I'm an agnostic apatheist. I don't know and I don't care.

There are many who do care however, and have made great strides in understanding. It's all there for anyone who cares to look. That's the difference. An atheist viewpoint can look at both arguments and work with the merits of each discipline. Religiosity at some point must abandon real world knowledge to maintain faith. Atheism will maintain cohesion with things that actually affect us. 

11 minutes ago, Aquila King said:

I'm aware that new atheists claim that science refutes God, and all that exists is the material world, etc. And it may very well be that way. I just acknowledge the fact that I'm a dumb dumb who don't know enough science to say for myself. 

Sort of. There are no absolutes in science, but evidence for god is the same as evidence for fairies.

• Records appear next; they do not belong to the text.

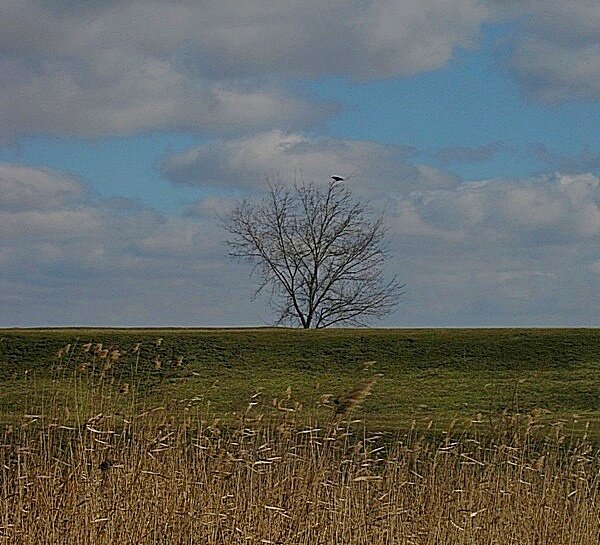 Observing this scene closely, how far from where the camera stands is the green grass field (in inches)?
666

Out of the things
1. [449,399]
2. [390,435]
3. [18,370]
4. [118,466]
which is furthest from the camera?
[18,370]

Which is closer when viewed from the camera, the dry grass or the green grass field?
the dry grass

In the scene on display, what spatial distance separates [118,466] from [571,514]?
137 inches

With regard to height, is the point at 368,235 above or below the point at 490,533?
above

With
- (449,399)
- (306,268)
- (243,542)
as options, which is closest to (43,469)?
(243,542)

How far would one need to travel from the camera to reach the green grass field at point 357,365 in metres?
16.9

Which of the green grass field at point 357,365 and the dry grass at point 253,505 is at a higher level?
the green grass field at point 357,365

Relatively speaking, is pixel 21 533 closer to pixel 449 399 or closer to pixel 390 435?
pixel 390 435

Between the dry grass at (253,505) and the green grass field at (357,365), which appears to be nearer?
the dry grass at (253,505)

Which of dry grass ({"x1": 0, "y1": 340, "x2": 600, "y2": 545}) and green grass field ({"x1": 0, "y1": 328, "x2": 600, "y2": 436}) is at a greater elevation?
green grass field ({"x1": 0, "y1": 328, "x2": 600, "y2": 436})

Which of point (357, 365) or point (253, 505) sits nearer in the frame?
point (253, 505)

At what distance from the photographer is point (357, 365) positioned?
19.4 m

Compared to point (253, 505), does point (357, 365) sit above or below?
above

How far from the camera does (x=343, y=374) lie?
62.1 ft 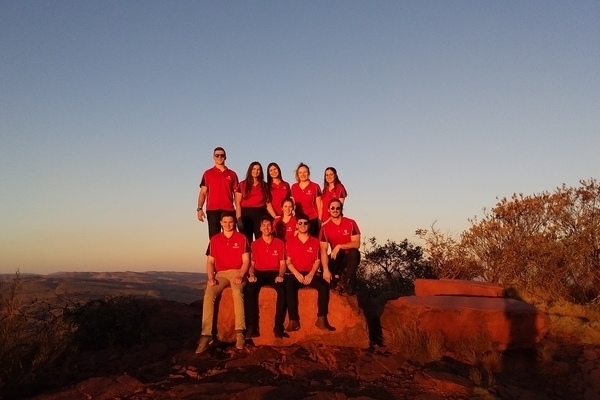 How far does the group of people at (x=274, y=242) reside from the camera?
8.05 meters

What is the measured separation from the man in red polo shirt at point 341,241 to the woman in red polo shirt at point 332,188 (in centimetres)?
59

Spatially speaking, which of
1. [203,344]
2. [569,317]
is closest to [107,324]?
[203,344]

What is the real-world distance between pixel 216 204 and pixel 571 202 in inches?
393

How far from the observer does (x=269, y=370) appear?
22.9ft

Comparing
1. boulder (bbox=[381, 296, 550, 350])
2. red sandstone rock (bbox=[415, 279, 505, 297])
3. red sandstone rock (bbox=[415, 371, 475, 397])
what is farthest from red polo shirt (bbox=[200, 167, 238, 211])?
red sandstone rock (bbox=[415, 371, 475, 397])

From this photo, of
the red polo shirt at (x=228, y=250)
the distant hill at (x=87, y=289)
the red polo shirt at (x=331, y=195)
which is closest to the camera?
the red polo shirt at (x=228, y=250)

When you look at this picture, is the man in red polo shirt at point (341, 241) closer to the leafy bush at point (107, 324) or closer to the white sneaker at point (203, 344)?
the white sneaker at point (203, 344)

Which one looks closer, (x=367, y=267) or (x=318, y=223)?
(x=318, y=223)

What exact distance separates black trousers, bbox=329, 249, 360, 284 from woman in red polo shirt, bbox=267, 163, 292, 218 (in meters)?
1.26

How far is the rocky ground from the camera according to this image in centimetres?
603

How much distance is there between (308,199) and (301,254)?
5.18 feet

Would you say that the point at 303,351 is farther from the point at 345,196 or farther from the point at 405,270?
the point at 405,270

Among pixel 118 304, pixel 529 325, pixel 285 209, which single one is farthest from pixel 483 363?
Answer: pixel 118 304

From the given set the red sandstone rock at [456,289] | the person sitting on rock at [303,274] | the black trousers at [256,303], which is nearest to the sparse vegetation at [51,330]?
the black trousers at [256,303] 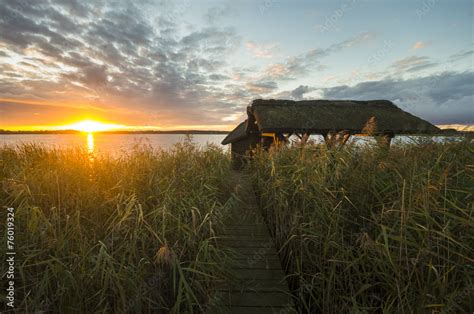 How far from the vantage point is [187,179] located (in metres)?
4.72

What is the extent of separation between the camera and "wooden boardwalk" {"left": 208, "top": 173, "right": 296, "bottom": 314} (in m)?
2.43

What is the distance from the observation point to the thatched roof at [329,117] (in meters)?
9.53

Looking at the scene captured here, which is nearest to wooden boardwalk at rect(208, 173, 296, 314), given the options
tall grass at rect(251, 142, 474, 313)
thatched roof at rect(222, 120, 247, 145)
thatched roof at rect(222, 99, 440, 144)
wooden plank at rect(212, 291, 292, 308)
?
wooden plank at rect(212, 291, 292, 308)

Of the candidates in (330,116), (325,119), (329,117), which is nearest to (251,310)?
(325,119)

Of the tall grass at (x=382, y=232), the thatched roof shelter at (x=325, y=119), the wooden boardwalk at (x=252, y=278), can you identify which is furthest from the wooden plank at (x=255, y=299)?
Answer: the thatched roof shelter at (x=325, y=119)

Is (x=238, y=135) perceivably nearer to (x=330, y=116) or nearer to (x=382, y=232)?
(x=330, y=116)

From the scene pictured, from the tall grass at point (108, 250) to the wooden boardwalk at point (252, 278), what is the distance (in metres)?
0.24

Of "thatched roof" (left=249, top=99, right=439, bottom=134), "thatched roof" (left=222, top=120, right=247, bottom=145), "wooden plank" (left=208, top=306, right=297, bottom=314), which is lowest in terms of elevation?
"wooden plank" (left=208, top=306, right=297, bottom=314)

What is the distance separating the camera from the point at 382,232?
206cm

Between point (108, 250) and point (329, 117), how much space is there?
9.94 m

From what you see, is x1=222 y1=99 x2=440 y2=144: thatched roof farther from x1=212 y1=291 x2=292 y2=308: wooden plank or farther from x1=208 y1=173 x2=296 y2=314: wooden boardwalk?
x1=212 y1=291 x2=292 y2=308: wooden plank

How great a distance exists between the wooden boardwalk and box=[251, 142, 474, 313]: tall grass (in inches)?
7.8

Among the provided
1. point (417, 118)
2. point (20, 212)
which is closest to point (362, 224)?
point (20, 212)

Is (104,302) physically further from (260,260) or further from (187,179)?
(187,179) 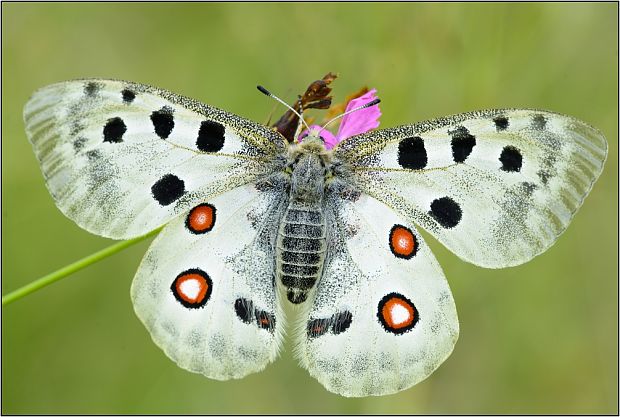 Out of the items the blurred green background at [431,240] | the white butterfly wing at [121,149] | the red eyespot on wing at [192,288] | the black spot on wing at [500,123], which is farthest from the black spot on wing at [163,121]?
the blurred green background at [431,240]

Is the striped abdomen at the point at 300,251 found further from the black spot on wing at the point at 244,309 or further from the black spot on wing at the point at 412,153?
the black spot on wing at the point at 412,153

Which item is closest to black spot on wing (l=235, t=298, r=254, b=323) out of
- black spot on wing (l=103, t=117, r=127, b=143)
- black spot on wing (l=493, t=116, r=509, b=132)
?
black spot on wing (l=103, t=117, r=127, b=143)

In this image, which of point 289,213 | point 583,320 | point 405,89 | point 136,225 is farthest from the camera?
point 583,320

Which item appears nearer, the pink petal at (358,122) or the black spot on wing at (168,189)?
the black spot on wing at (168,189)

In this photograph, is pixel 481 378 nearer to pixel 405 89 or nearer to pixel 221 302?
pixel 405 89

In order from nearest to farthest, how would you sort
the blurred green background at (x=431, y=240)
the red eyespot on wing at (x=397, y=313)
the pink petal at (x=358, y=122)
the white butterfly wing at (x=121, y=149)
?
the white butterfly wing at (x=121, y=149)
the red eyespot on wing at (x=397, y=313)
the pink petal at (x=358, y=122)
the blurred green background at (x=431, y=240)

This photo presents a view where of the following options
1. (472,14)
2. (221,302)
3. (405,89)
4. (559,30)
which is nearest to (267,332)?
(221,302) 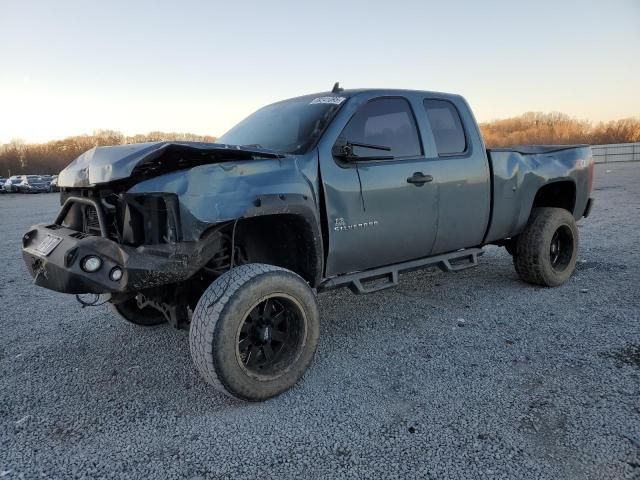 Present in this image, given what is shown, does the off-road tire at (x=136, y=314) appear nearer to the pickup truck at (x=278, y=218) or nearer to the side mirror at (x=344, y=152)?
the pickup truck at (x=278, y=218)

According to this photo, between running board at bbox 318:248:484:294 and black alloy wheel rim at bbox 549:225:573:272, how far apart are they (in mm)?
1349

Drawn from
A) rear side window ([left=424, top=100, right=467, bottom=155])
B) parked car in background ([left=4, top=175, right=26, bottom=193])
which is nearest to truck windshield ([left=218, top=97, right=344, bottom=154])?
rear side window ([left=424, top=100, right=467, bottom=155])

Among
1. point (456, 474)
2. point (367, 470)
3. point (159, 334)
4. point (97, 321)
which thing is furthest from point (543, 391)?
point (97, 321)

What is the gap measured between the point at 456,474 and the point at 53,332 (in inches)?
142

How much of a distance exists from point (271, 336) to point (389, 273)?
1.19 meters

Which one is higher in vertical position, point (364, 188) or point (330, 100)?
point (330, 100)

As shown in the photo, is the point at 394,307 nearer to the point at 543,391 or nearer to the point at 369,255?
the point at 369,255

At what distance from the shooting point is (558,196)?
5578mm

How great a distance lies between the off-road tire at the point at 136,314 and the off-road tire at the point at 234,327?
4.96 feet

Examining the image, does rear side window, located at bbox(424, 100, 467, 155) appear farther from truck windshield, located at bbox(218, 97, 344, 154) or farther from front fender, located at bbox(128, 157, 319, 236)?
front fender, located at bbox(128, 157, 319, 236)

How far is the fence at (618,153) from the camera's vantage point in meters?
35.0

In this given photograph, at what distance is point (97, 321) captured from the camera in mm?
4543

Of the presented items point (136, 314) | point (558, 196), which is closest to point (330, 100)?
point (136, 314)

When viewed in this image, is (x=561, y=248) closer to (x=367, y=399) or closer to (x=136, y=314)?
(x=367, y=399) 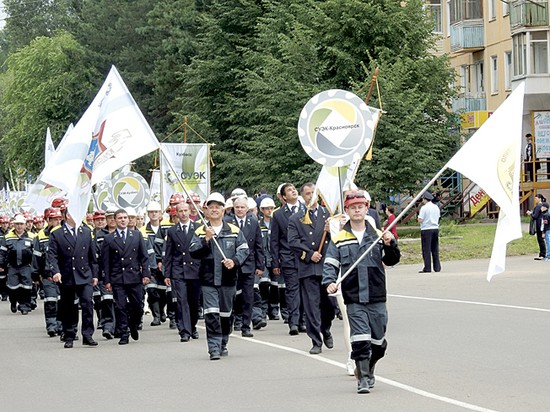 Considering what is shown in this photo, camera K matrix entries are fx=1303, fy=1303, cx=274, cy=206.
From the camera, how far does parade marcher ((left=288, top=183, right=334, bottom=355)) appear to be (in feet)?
48.7

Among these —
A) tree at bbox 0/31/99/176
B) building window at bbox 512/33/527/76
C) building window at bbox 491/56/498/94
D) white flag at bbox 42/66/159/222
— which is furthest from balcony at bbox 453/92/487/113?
white flag at bbox 42/66/159/222

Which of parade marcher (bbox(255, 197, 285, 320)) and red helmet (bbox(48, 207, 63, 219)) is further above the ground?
red helmet (bbox(48, 207, 63, 219))

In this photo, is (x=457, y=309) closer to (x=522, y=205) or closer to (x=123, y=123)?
(x=123, y=123)

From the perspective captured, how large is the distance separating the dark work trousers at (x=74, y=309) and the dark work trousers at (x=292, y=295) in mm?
2657

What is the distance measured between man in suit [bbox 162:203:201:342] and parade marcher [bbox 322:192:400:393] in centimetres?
535

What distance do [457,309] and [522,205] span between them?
3167 cm

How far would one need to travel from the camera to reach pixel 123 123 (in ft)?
53.8

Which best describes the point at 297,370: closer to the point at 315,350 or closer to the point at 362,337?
the point at 315,350

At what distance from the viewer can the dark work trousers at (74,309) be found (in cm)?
1697

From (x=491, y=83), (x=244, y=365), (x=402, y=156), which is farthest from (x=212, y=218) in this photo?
(x=491, y=83)

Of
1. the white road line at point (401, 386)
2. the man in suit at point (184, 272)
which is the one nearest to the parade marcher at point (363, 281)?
the white road line at point (401, 386)

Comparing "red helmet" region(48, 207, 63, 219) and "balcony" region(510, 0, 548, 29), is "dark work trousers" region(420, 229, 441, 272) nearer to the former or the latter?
"red helmet" region(48, 207, 63, 219)

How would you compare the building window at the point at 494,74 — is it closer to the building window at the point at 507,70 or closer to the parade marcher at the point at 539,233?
the building window at the point at 507,70

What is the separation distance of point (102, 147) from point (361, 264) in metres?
5.80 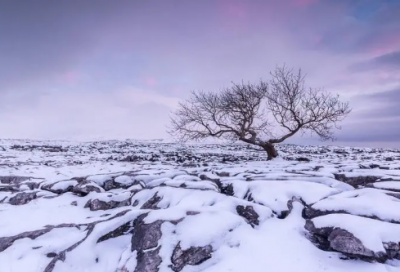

There's just no point in convoluting discovery with man made ideas like God. 

11 minutes ago, Aquila King said:

Ultimately I don't think it matters either way. I'm simply against the religious folks who want to force their religiosity onto others. And at the same time I'd be against any atheists who essentially want to do the same thing. Just live and let live.

I don't feel that supporting an outdated superstition as if real is of any worth at all. As I say, it just convolutes discovery. There is nothing to be gained in this area from God ideas. 

Another thing I feel that moderate believers do is enable more fundamental believers. 

As I've embraced atheism, I've found the god idea outright silly. It's like having a children's tea party with imaginary friends 24/7. I simply don't see how others hold onto such a needless and baseless idea. 

11 minutes ago, Aquila King said:

I don't consider myself a part of the atheist community, but I do end up agreeing with them more than most religious / spiritual people.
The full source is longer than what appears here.